Tolkieniani della prima ora sono stati i proggers inglesi
Marillion che hanno preso il loro nome dall’epico Silmarillion
e che produssero come b-side di un dei loro primi singoli un’incredibile
suite battezzata Grendel, durante l’esibizione live
della quale il cantante della band Fish era solito presentarsi
sul palco abbigliato con tanto di elmo celtico, omaggiando durante le sue
performances una delle opere che sono state maggiormente formative
per lo scrittore inglese.
Fra le curiosità amene non va trascurato il terrificante intervento
musicale di Leonard Nimoy (conosciuto ai più come
il vulcaniano Signor Spock della celebre serie televisiva
di Star Trek) che nel tempo ha aggiunto al suo ruolo di attore
anche quelli di regista e di compositore di colonne sonore e che agli inizi
della sua carriera nel lontano 1968 aveva composto un discutibile 45 giri
folk intitolato The Ballad of Bilbo Baggins. Ma il primo
premio come più assiduo interprete musicale della Terra di Mezzo va
comunque al compositore classico gallese Paul Corfield che
ha nel suo palmaresse la bellezza di ben 19 cd dedicati a J.R.R. Tolkien.
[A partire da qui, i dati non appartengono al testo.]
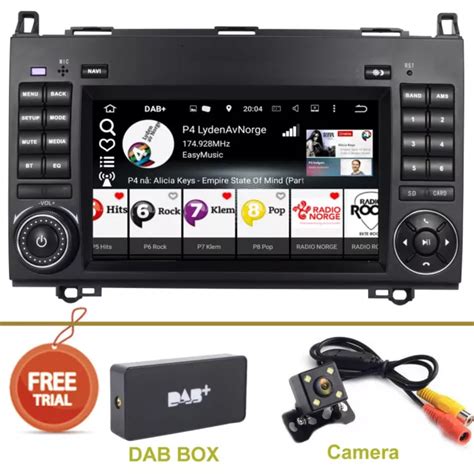 ANDROID 12 AUTORADIO GPS RDS Mercedes A B Klasse W169 W245 Sprinter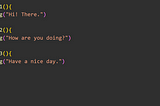 Single Threaded nature of JS Runtime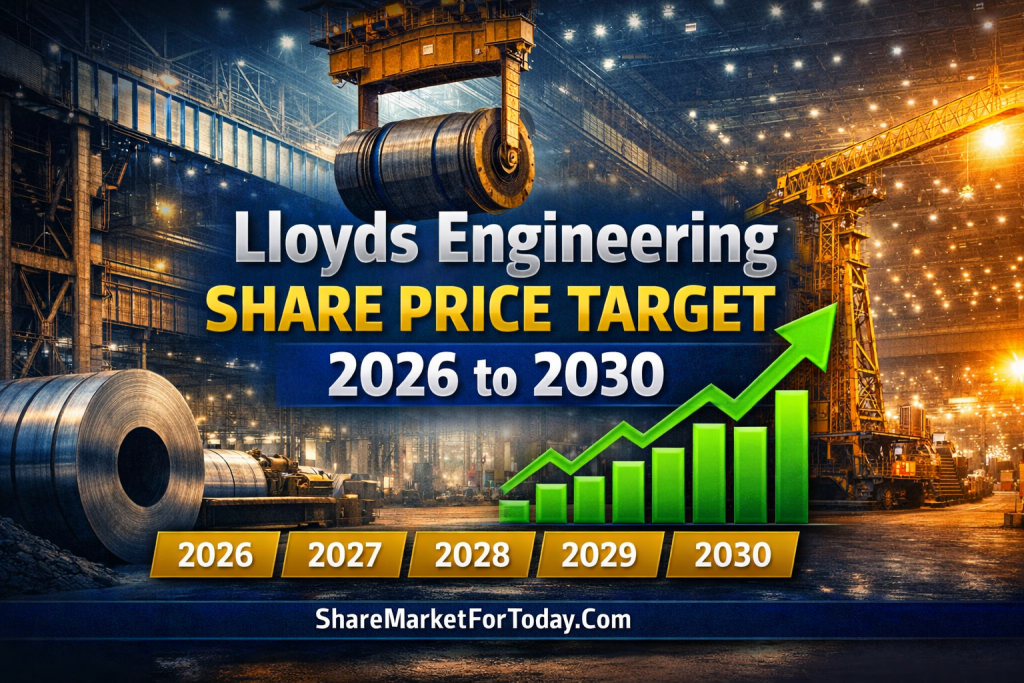 Lloyds Engineering Share Price Target 2026, 2027, 2028, 2029, 2030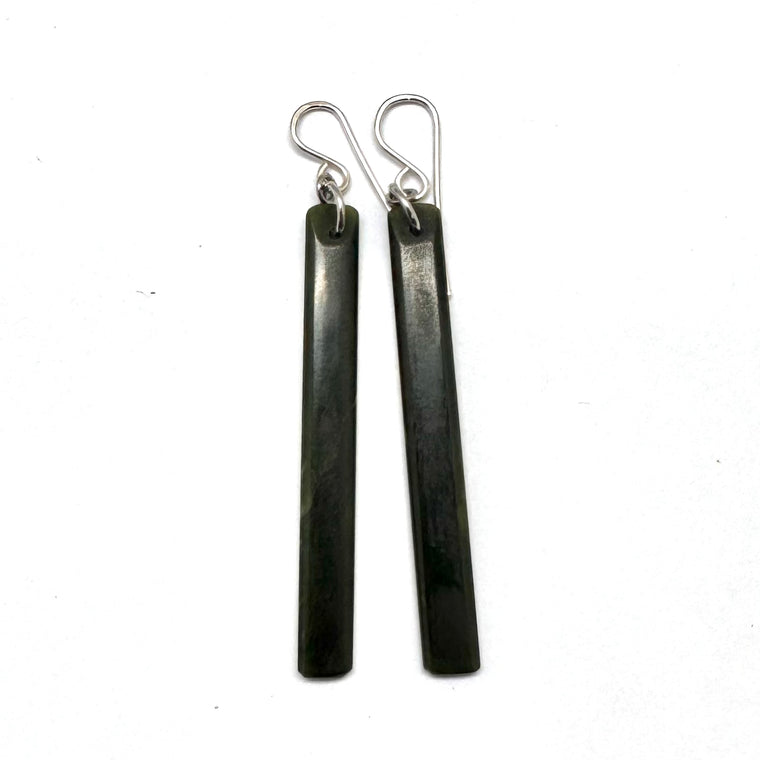 Kawakawa Pounamu, earrings
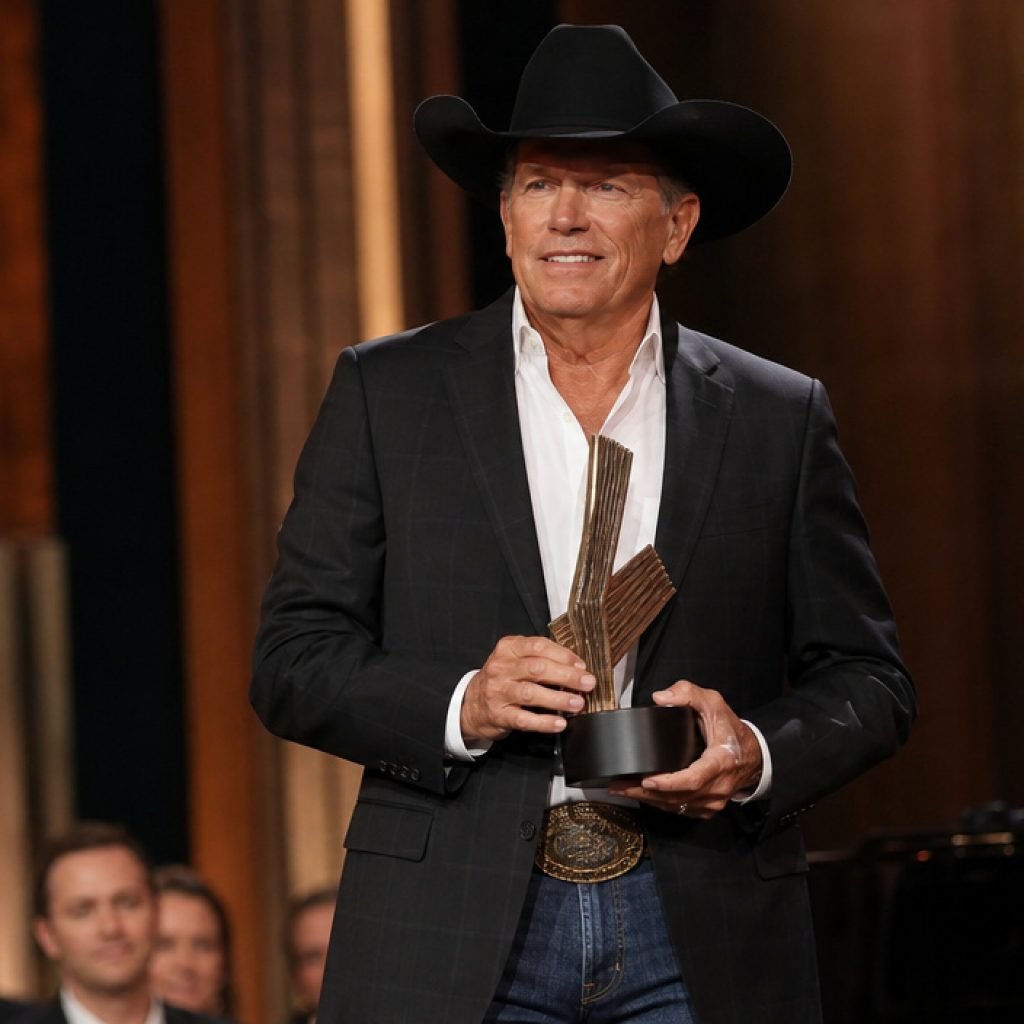 George Strait Receives Nashville Songwriters Hall of Fame Honor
Nel campo femminile, invece, tanto per fare qualche nome, potremmo citare
la suadente voce di Sally Oldfield che abbiamo imparato a
ben conoscere nelle collaborazioni con il fratello Mike (quello
di Tubular Bells e di Crises, tanto per
intenderci) ma anche in progetti solistici come Water Bearer
(1978, Bronze Records) in cui appare una immaginifica Songs of the
Quendi: Nenya. E proseguiamo con la maestra irlandese del celtic
sound new age contemporaneo Enya che nel suo Shepherd
Moons (1991, Reprise Records) ci ha portato in atmosfere fatate con
Lothlórien e che recentemente è tornata a misurarsi
con Il Signore degli Anelli firmando
due pezzi per la colonna sonora del film di Peter Jackson (nel quale sono
state inserite la minisuite The Council of Elrond che contiene
anche il tema cantato di Aragorn e Arwan intitolato Aniron,
ma anche il pezzo May it Be). A guardarla bene Enya ci ricorda
da vicino Dama Galadriel e le sue composizioni hanno un pathos lirico che
è sicuramente molto vicino ai canti elfici tolkieniani. Se emozionalmente
i pezzi di Enya colpiscono nel segno per la loro atmosfera sognante, non meno
centrati sono le composizioni sinfoniche del film di Jackson affidate ad Howard
Shore che riesce a dare possenza ed epicità ad ogni sequenza
della pellicola (aiutato da uno staff di quasi duecento persone fra strumentisti
e cantanti, nei quali spicca anche Elizabeth Fraser, ex componente
dei Cocteau Twins).
Di questa singolare “Compagnia dell’Anello” musicale fa,
infine, parte una musicista d’eccezione, ovvero, la scrittrice Marion
Zimmer Bradley che, oltre ad essersi misurata con il mondo di Tolkien
in tutta la sua opera di narratrice fantasy, ha voluto omaggiarlo
anche nel disco The Starlit Jewel, in cui alcuni suoi testi
tratti da Il Signore degli Anelli e Lo Hobbit vengono trasformati in lunghe
composizioni dove emergono in primo piano i suoni dell’arpa, del violino,
del violoncello. Pezzi eseguiti e composti oltre che dalla stessa Zimmer Bradley
anche da Kristoph Klover e Margaret Davis.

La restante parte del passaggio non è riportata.